南野・中島・堂安という新たな希望。森保監督が戦術に組み込んだ「ドリブル」という個性

日本代表は11日、キリンチャレンジカップ2018でコスタリカ代表に3-0で勝利を収めた。森保一監督にとって初陣になった試合で目を引いたのは、前線の選手たちのゴールに向かう意識の強さ。さらに彼らの「ドリブル」という武器を戦術の一部に組み込んだ指揮官のチーム作りにおける考え方も見えてきた。(取材・文:舩木渉)

text by 舩木渉 photo by Getty Images

日本代表で発揮された「個性」

堂安律 南野拓実 中島翔哉
コスタリカ戦に先発した堂安律、南野拓実、中島翔哉(左から)の3人は存分に個性を発揮した【写真:Getty Images】

「得意なプレーはドリブルでの突破です」

 サッカー選手、とりわけ攻撃的なポジションの選手は、自分の長所に「ドリブル」を挙げることが多い。だが、ピッチ上で自慢の武器が効果を発揮しない…ということもよくある。簡単に奪われる、スピードが足りずにかわしきれない、ドリブルには失敗した時のリスクも存在する。

 さらに言えば、世界のトップレベルの選手たちと対峙する日本代表レベルになると、ドリブルに対して要求されるレベルも相応に上がる。ドリブルにも「運ぶ」「突破する」など多様な役割があることも十分に理解していなければならない。だが、日本に世界と対等に戦えるレベルのドリブルを武器とする選手はわずかしかいない。

 これまで日本代表で「ドリブル」と言えば、2010年の南アフリカワールドカップに出場した松井大輔や、今年のロシアワールドカップで輝いた乾貴士が象徴的だろう。前者は超絶技巧を駆使して相手を揺さぶり、後者はスピードとキレで守備者をキリキリ舞いにする。彼らは日本人選手で数少ない世界レベルを知るドリブラーだ。

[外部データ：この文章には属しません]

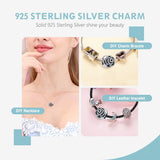 S925 Silver CZ Rose Flower Bead Charm for Bracelet DIY Gift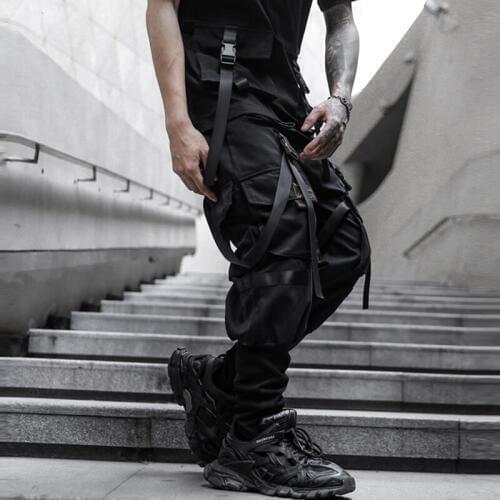 2020 New Streetwear Pants Hip Hop Joggers Pockets Men Harem Casual Men Pants Ankle-length Ribbons Black Trousers Men ABZ696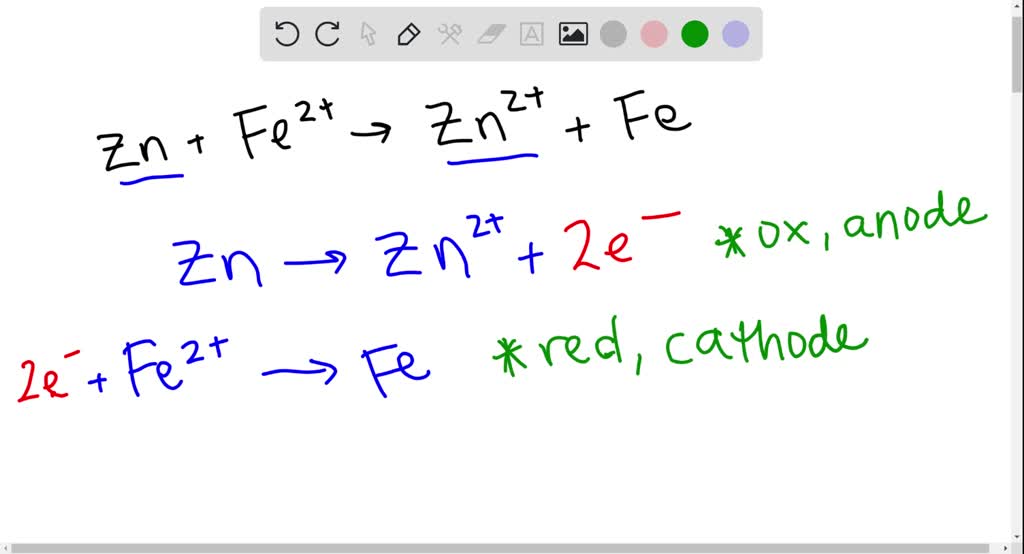 SOLVED Imagine a galvanic cell which uses solid zinc and aqueous iron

 そんな中、森保一監督が率いる新生日本代表に、今後への希望を抱かせるドリブラーたちがいた。指揮官は「全ての選手に自分の持っているものを思い切り出してほしい。個が持っているスペシャルなものに自信を持ってもらえるように」と何度も繰り返してきたが、リスクになりかねない個性を存分に発揮させる組織を作り上げた。

 11日に行われたキリンチャレンジカップ2018のコスタリカ代表戦で、先発メンバーの一員としてピッチに立った中島翔哉と堂安律、そして南野拓実の3人は、4-2-3-1の2列目で持てる力を存分に発揮した。

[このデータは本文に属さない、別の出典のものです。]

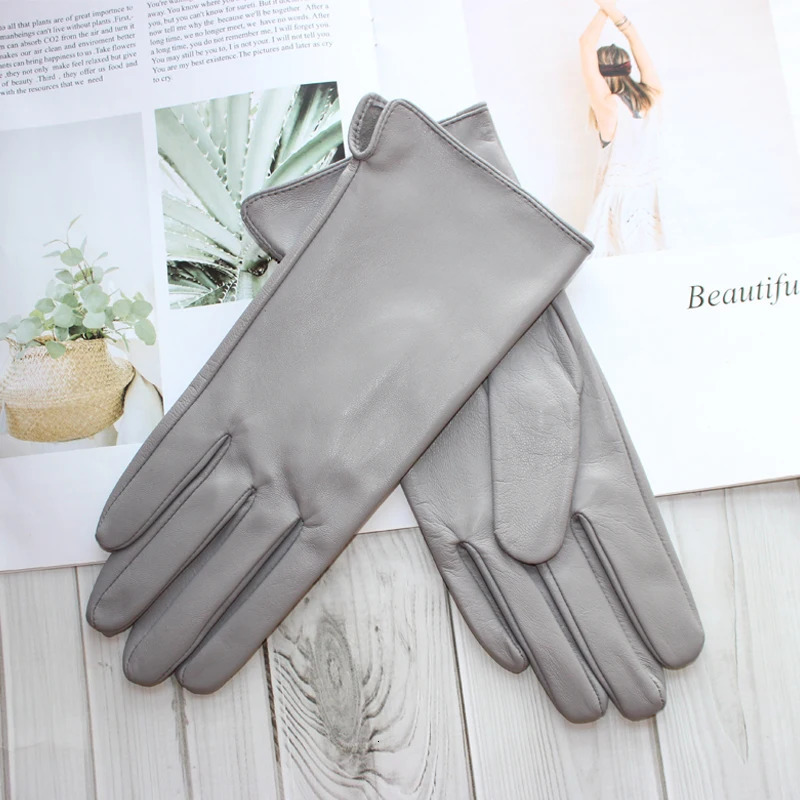 leather gloves for womens sheepskin touch screen ultra-thin and fashionable fully matched with solid color cycling and driving gloves 241106
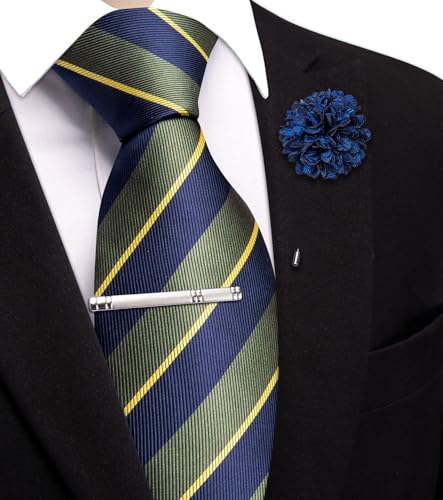 Image of Hi-Tie 63 inches Striped Paisley Extra Long Ties for Men Silk Necktie with Lapel Pin Tie Clip Big and Tall Men Formal Wedding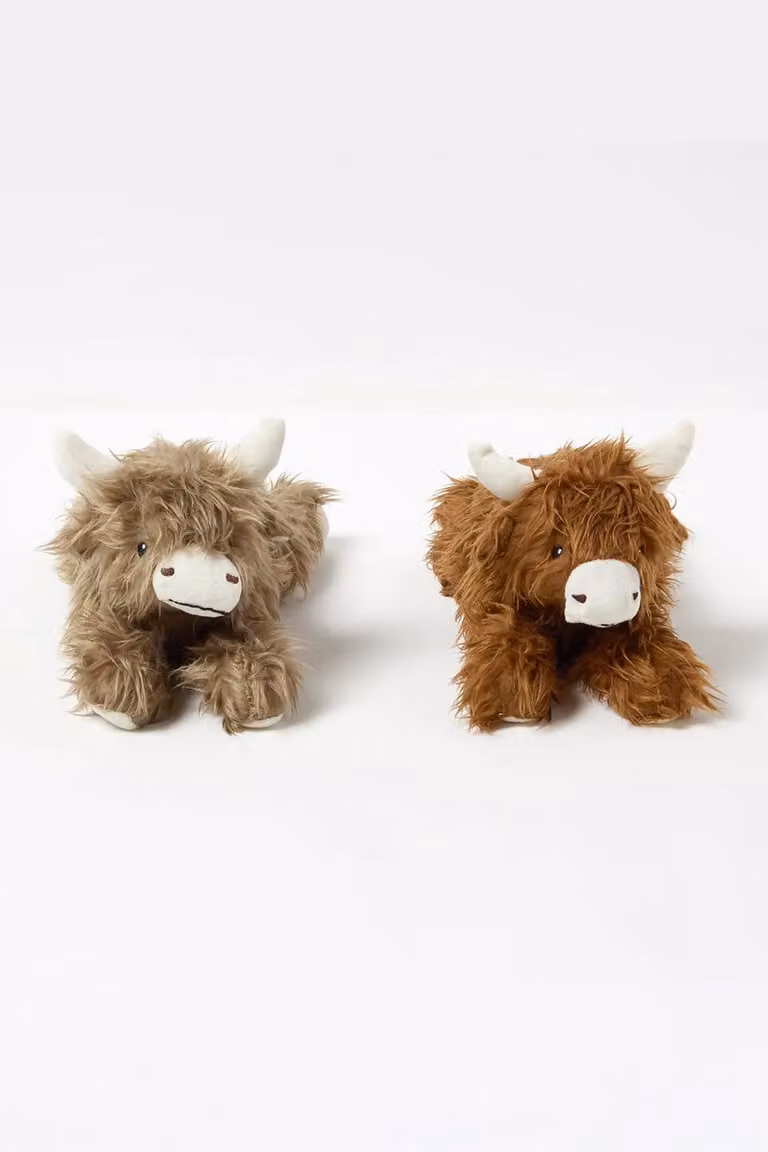 Homescapes Weighted Highland Cow Fabric Doorstop Set of 2, Grey and Brown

 いずれもロシアワールドカップ出場を逃して悔しさを噛み締めた選手たちだ。特に中島はヴァイッド・ハリルホジッチ体制最終盤にチャンスを得て高い評価を獲得しながら、監督交代後に23人の選択肢から外されてしまい、世界の舞台に立てなかった。

 それ故に今回は4年後のワールドカップに向けて、代表に定着するための大きなチャンス。アピールに燃える彼らのコスタリカ戦におけるプレーで最も目を引いたのは、ベクトルが常にゴールに向かっていることだった。ボールを受ければ、まず単独でゴールを奪いにいくプレーを選び、それがダメなら次善の策に素早く切り替える。その中に優先順位の高い選択肢としてドリブル突破があった。